それでも上野さんは、スターバックスが取り組んでいるある事業に感銘を受けます。コーヒー業界においてコーヒー豆の生産者は、一言でいうと不当に安い賃金で働くことを余儀なくされている現状がありました。

「スタバは、自社の基準に合う豆を生産してくれたら、正当な報酬+αを支払って、しかも継続して購入する契約を結んでいました」


さらに勉強をしていく中で「スペシャルティコーヒー」という高品質な豆の存在を知り、さらに深く学びたいと思ったそうです。

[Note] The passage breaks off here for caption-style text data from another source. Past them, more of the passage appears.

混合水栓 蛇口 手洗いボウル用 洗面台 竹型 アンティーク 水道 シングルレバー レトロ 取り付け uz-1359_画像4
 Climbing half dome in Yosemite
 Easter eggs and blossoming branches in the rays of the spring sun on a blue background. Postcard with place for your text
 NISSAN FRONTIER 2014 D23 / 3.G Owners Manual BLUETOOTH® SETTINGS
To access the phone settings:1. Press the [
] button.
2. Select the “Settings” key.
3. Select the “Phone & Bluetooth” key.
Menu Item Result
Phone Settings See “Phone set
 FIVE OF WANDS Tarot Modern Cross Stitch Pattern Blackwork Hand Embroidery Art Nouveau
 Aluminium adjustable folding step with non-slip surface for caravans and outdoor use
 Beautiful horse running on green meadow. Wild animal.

一度に5kgの豆を焙煎できる完全熱風式ロースター。  



技術を習得するために転職したイタリアンバール在職中に独立を決意。  

「スタバは心地よく働けて大好きだったのですが、1年も勤めなかったですね。コーヒーの勉強をするなら外へ出たほうがいいと考えました」

ここで上野さんは知識より先に、技術をおぼえようと考えました。


「いちばん忙しそうなお店を探して、大阪の梅田にあるイタリアンバールで雇ってもらいました。スピードさえ身につければ、どこへいっても働けると思ったのです」

ドリンクをつくったりラテアートをやったりして、さまざまな技術の習得に努めながら、信頼できる仲間にもたくさん出会って10数年たった今でも親交があるといいます。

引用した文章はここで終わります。